OCTAVE VAN RYSSELBERGHE HOUSE (83 Rue de Livourne)
Designed by architect Octave van Rysselberghe in 1912 for his personal residence.
CIAMERLANIE HOUSE (48 Rue Defacqz)
Designed by architect Paul Hankar in 1897 for Albert Ciamberlani.
HANKER HOUSE (71 Rue Faider)
Designed by architect Paul Hanker in 1893 for his own personal residence.
UNNAMED HOUSES (83 Rue Faider and 92 Rue Africaine)
HORTA HOUSE (25 Rue Americaine)
Now referred to as the Horta Museum was designed by Victor Horta in 1901. This designated UNESCO World Heritage Site is open to the public for tours
1. Art Nouveau Walking Tour Brussels – Louise to Ixelles to St. Gilles
Art Nouveau Tour #2
CAUCHIE HOUSE (5 Rue des Francs)
Designed by Paul Cauchie in 1905 for his personal residence, known as the Cauchie House. What makes this house unique is the golden art mural on its façade with the inscription ‘Par nous, pour nous’ or ‘By us, for us.’
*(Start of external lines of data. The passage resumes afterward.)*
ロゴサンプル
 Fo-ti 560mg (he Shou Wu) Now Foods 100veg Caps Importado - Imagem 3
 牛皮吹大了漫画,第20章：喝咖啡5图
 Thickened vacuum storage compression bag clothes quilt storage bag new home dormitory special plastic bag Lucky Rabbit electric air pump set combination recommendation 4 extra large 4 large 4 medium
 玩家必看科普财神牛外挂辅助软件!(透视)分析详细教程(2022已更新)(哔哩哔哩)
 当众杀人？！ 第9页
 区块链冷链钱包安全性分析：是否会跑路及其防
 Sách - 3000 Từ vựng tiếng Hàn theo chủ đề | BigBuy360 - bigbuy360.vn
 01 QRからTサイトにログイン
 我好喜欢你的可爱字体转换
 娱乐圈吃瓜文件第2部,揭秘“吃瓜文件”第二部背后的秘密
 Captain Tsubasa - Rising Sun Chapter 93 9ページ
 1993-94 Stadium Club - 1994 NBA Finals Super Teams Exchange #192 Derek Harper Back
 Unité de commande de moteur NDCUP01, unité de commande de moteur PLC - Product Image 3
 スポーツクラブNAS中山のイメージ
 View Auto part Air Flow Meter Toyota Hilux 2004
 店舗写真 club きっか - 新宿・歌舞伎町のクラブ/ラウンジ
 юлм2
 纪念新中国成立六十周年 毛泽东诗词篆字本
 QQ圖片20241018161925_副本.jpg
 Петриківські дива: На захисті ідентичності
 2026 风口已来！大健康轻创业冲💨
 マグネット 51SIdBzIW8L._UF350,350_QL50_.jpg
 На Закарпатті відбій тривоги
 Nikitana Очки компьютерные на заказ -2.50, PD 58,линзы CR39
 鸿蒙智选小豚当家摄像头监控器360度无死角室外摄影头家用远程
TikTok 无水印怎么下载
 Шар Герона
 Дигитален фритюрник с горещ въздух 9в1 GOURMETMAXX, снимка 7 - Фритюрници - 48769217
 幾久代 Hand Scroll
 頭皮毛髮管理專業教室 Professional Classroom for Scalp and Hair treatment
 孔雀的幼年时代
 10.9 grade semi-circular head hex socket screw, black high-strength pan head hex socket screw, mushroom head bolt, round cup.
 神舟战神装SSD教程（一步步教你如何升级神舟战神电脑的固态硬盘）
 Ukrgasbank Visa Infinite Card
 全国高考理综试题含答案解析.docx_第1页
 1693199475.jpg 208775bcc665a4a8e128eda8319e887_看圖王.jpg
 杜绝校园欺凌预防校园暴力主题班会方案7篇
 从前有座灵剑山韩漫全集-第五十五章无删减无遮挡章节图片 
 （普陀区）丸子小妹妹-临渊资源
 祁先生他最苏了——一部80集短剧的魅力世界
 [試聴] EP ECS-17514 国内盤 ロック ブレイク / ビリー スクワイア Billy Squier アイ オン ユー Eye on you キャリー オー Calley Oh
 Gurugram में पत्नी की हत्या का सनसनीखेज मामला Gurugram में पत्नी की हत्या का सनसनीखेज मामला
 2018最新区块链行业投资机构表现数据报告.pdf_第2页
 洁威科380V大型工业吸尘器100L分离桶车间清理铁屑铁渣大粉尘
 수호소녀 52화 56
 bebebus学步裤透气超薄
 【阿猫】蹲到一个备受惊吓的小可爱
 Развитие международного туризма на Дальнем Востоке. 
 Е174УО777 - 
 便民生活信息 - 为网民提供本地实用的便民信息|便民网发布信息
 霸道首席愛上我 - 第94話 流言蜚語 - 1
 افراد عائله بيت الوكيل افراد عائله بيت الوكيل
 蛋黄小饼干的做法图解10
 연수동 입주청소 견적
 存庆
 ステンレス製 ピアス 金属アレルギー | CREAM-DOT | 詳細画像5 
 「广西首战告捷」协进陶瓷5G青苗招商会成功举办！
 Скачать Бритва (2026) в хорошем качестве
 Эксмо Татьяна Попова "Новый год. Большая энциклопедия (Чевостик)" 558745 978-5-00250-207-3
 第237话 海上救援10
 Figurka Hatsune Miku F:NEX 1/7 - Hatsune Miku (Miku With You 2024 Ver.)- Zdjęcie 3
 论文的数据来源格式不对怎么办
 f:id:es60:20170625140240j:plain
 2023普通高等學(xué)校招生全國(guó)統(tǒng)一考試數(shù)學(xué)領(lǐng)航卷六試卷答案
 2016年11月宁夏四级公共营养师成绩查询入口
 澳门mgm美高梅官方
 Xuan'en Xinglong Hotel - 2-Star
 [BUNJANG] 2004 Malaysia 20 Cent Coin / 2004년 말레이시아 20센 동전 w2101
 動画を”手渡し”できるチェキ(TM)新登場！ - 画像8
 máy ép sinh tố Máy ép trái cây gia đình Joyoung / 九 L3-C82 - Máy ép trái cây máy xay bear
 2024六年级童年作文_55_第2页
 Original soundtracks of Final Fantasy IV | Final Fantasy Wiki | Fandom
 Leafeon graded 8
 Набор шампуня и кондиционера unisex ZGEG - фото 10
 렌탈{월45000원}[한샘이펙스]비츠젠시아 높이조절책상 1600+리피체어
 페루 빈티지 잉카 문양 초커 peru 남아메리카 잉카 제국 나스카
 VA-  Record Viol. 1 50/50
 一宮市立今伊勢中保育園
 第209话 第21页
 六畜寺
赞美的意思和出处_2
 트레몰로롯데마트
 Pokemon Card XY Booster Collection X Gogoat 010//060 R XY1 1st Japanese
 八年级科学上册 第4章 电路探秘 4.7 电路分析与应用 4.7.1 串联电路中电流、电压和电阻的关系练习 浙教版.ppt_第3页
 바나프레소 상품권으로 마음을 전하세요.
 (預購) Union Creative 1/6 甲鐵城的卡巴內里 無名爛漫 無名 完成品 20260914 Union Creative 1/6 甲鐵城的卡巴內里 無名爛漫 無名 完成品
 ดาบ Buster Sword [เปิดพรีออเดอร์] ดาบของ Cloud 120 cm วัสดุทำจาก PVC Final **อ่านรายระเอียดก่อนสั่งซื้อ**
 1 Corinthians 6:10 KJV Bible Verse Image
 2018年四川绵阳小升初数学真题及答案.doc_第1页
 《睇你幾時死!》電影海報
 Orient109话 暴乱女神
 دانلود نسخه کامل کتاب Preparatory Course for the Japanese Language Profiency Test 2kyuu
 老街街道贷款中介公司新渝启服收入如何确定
SAINT-CYR HOUSE (11 Ambiorix Square)
VILLA GERMAINE HOUSE (24 Palmerston Avenue)
HOTEL VAN EETVELDE (4 Palmerston Avenue)
GUTENBERG AND MARIE LOUISE SQUARES
Many unknown and unnamed art nouveau homes in and around Marie-Louise Square are definitely worth exploring.
2. Art Nouveau Walking Tour Brussels – Cinquantenaire Park to the Squares Neighbourhood
Art Nouveau Tour #3
AVENUE LOUIS BERTRAND (43 Louis Bertrand Avenue)
Many unknown and unnamed art nouveau homes on this lovely tree-lined street is the perfect area to stroll and admire the homes.
AUTRIQUE HOUSE (266 Chaussée de Haecht)
The Autrique House was the first townhouse built by Victor Horta, in 1893.
3. Art Nouveau Walking Tour Brussels – Avenue Louis Bertrand (Schaerbeek) Neighbourhood
Related reading | If you are in Brussels and looking for those unmissable day trips, check out my article 5 Must-See Cities Beyond Brussels
As a holidaymaker…
If you don’t want to do your own walking tour as I’ve done, check out the Brussels Art Nouveau and Art Deco (BANAD) festival where for three consecutive weekends in March select buildings ranging from smaller townhomes to large mansions to public buildings are open to the public for tours led by professional guides. If you love architecture as much as I do this is the top thing to do in Brussels.